Faut-il revenir sur la suspension de l’obligation de vaccination par le BCG des enfants décidée en 2007 parallèlement au lancement d’un programme national de lutte contre la tuberculose (obligation remplacée par une recommandation forte de vaccination des enfants à risque de tuberculose) (1) ? C’est une des questions sur lesquelles Roselyne Bachelot a, l’an dernier, demandé au Haut Conseil de la santé publique (HCSP) de plancher, alors que les données de surveillance de cette maladie publiées en mars 2009 montraient une augmentation des cas de tuberculose et une couverture vaccinale insuffisante chez les enfants relevant de la recommandation (2).
La réponse – récemment rendue publique (3) – de la commission spécialisée « évaluation, stratégie et prospective » du HCSP à cette « récurrente question » est claire : pour les experts, il ne faut pas revenir sur la suspension de l’obligation vaccinale « tant que des données n’auront pas remis en cause l’argumentation qui a fondé la décision ».
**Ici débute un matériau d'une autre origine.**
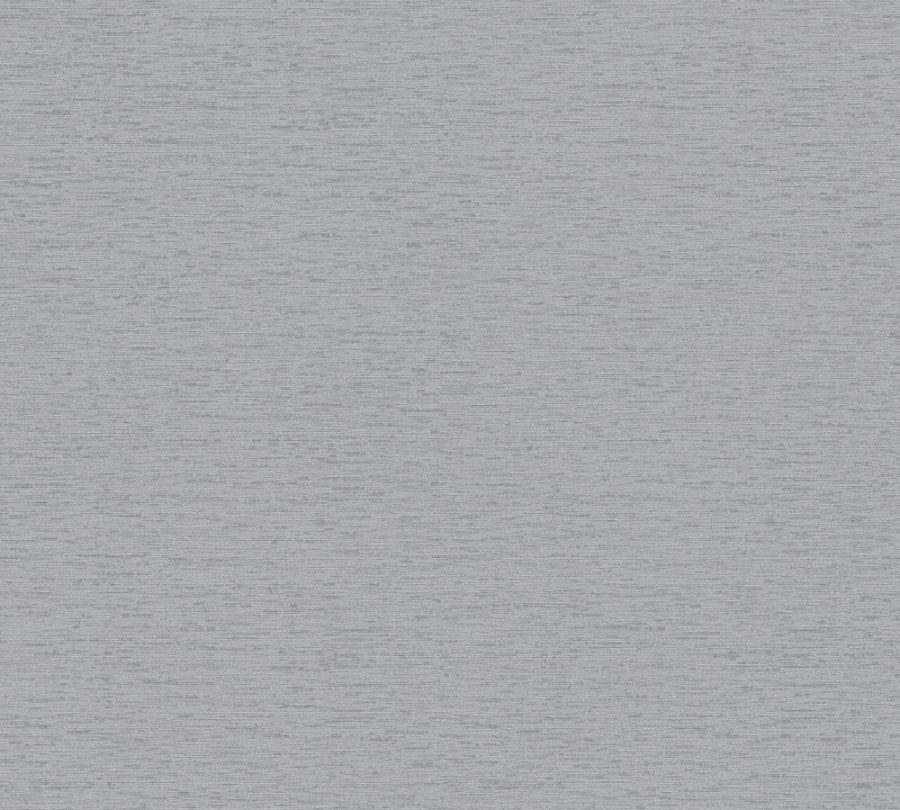 Tapeta Famous Garden 39351-9 39351-9V - Tapety AS Création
« Les données dont on dispose aujourd’hui ne permettent d’imputer à [cette suspension] ni les changements observés au niveau des taux de déclaration, ni une hypothétique remontée de l’incidence de la maladie (4), ni une hypothétique augmentation du risque pour les jeunes enfants », écrit le Haut Conseil. S’agissant de la hausse des taux de déclaration, il note que « la plupart des experts estiment que la recherche de l’exhaustivité en matière de déclaration obligatoire a forcément provoqué un plus grand nombre de signalements ». Ainsi, pour l’instance, « il est difficile d’en déduire que l’incidence de la maladie a augmenté ». Toutefois, « il existe sans doute des indices de cette augmentation si l’on considère spécifiquement certains groupes de population ». Le HCSP évoque en particulier le cas des primo-arrivants demandant un visa de trois mois au moins, pour lesquels les données de l’Office français de l’immigration et de l’intégration font état d’une évolution assez nette entre 2008 et 2009. Mais « il s’agit là de personnes arrivant avec la maladie ». La suspension de l’obligation vaccinale n’est donc en rien responsable. Reste l’hypothétique augmentation du risque pour les jeunes enfants. Sur ce point, le Haut Conseil observe notamment que, d’après l’Institut de veille sanitaire, il n’y a pas eu d’augmentation des formes sévères de tuberculose chez les enfants de moins de 5 ans.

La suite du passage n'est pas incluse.